Why had nobody discovered this dichotomy between the learning mechanisms before us? It turned out that the crucial experimental advance was to prevent the animals from learning about anything else besides their behavior. As soon as we let the animals learn about any external cues in addition to their behavior, the results go back to the expected canonical pathways being required and PKC not. Obviously, nobody had been able to completely isolate operant conditioning to the extent that was required. Because all our experiments were operant in nature, but only differed in whether or not the animals were able to learn about environmental cues or not, we called the PKC-dependent learning mechanism operant self-learning and the other, well-described form, operant world-learning.

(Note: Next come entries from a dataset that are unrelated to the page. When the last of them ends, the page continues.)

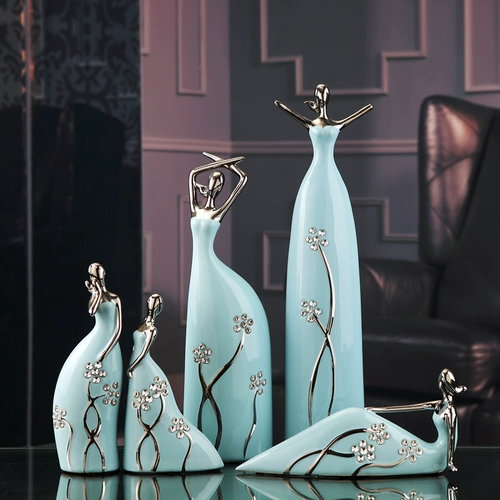 Современный модный креативный декор для гостиной, простой и элегантный дизайн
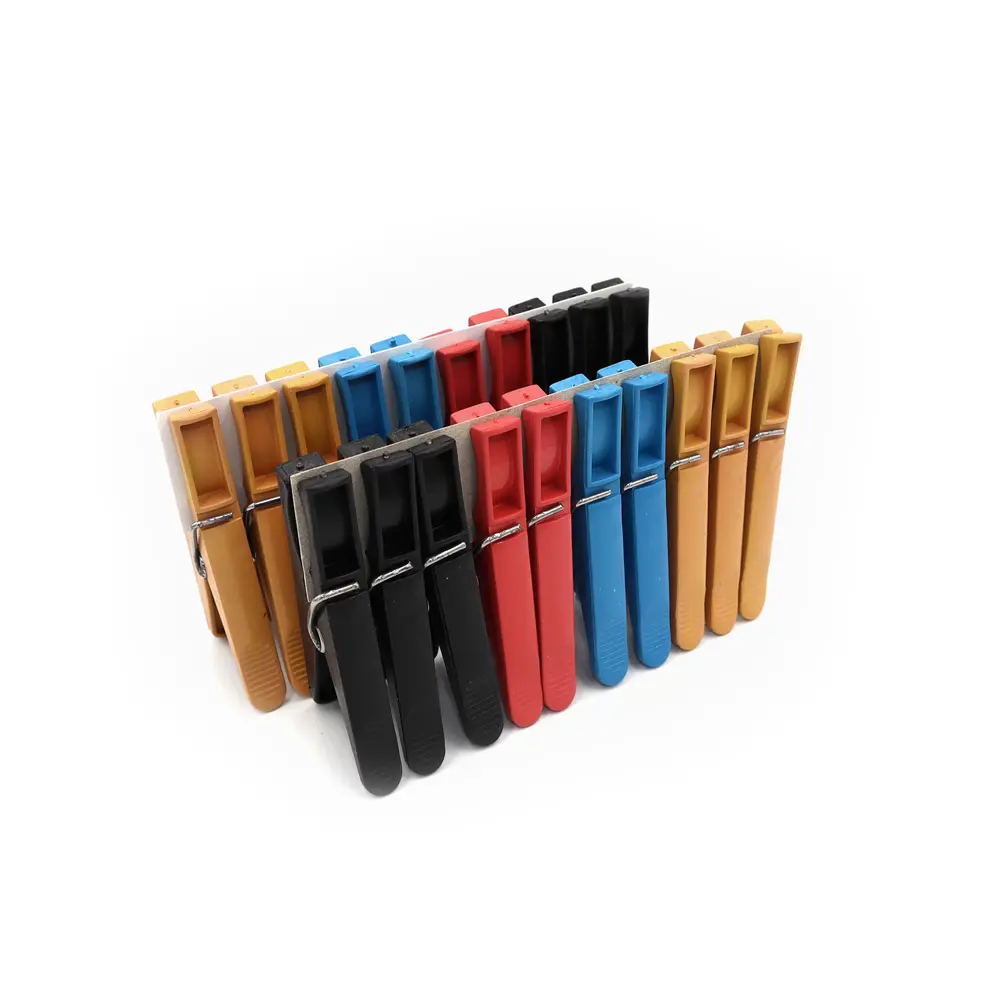 Прищепки бельевые, 20 шт НЕВСКИЙ КРЕПЕЖ STLM-2182533 - Вид №1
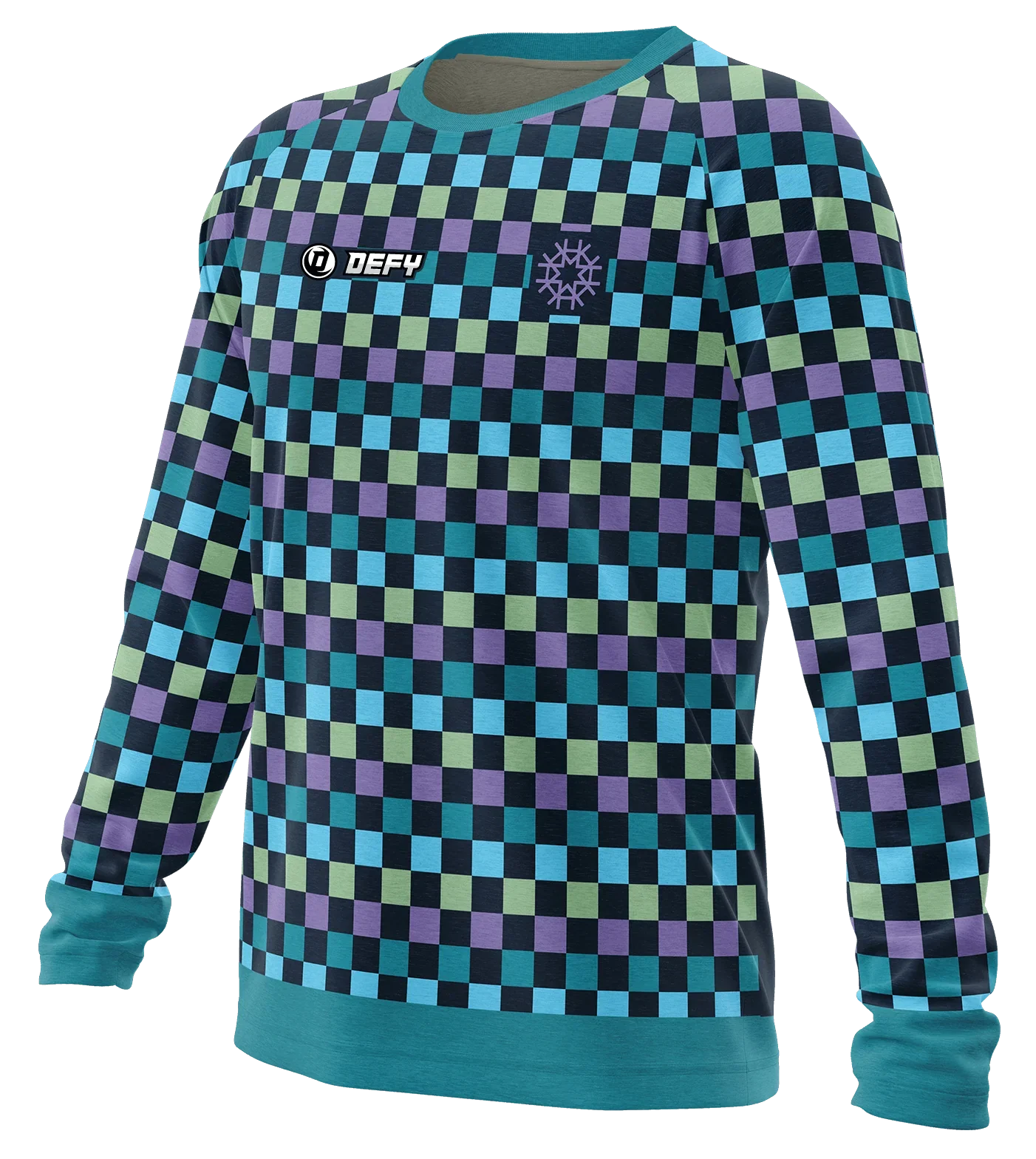Hormesis x Defy Dueler Checker 4 - DEFY PAINTBALL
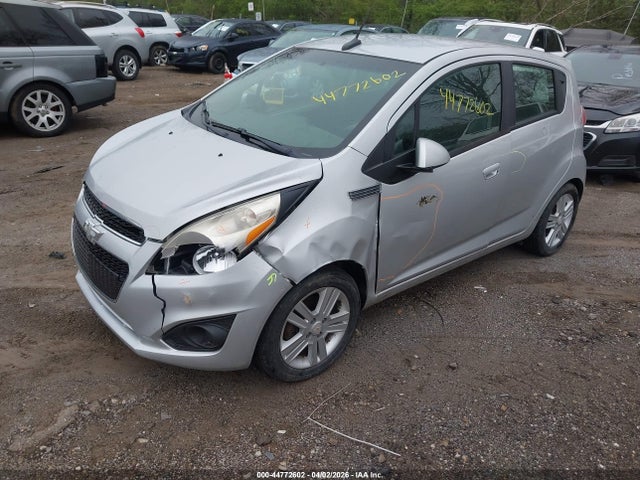 CHEVROLET SPARK - 2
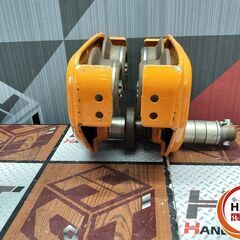 値下げしました！【中古】キトー KITO TS2-745 トロリー 1/2ｔの画像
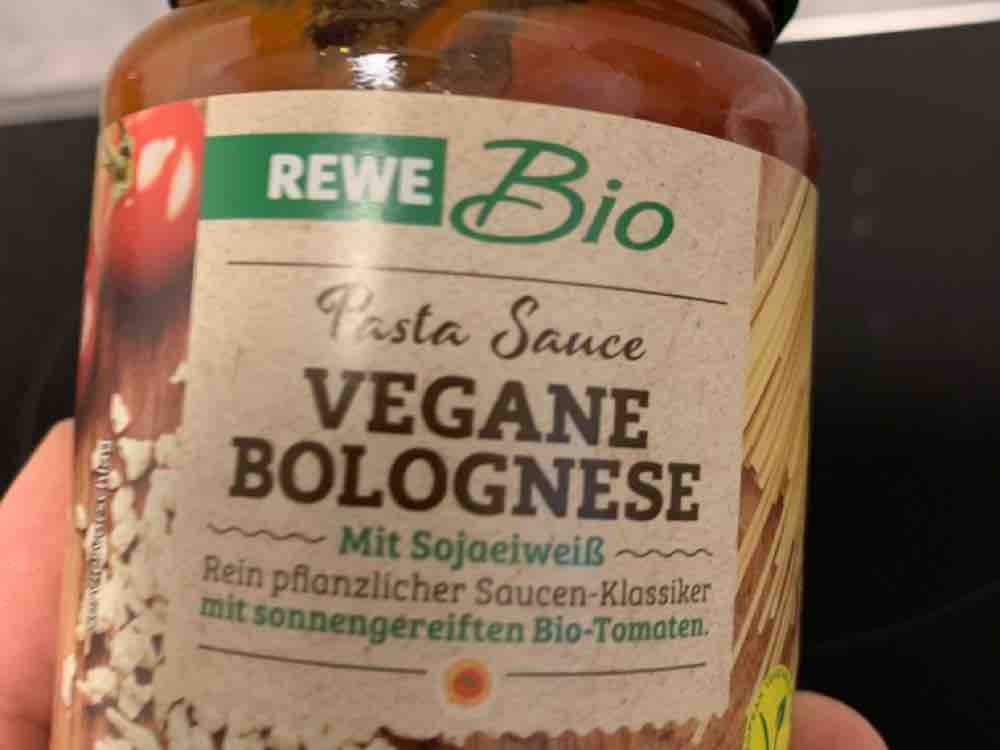 Pasta Sauce, Vegane Bolognese von Chrischtel | Hochgeladen von: Chrischtel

How far is this new form of plasticity (in Aplysia it is a form of ‘intrinsic plasticity’ modifying the entire neuron and not just the synapse; in Drosophila we don’t know) conserved? We are currently in the process of writing up our experiments on the ‘language gene’ FoxP2. Drosophila has an orthologue of this gene and if we mutate it (or knock it down with RNAi), we find that it is required for operant self-learning, but not for operant world-learning, paralleling the results we had for PKC. This means we now have a new learning mechanism at hand that is clearly distinct from the well-known synaptic plasticity pathway, but is equally conserved among invertebrates and vertebrates. These results suggest an ancient evolutionary origin for operant self-learning, possibly at the root of the bilaterian branch, and a complementary role to world-learning.

I have summarized these results in an invited review on occasion of the 2010 conference of SQAB in the journal “Behavioural Processes”. Unfortunately, there are a few mistakes in the copy available from the publisher. Some spaces are missing between words and the references Brembs 2009a and Brembs 2009b are mixed up. I’ve notified the publisher, but they said it was too late to fix. I’ve now fixed the HTML version of my local copy, but I can’t fix my PDF copy as they use a font that is not freely avaliable. So if anybody knows how I can fix my own PDF copy, please let me know!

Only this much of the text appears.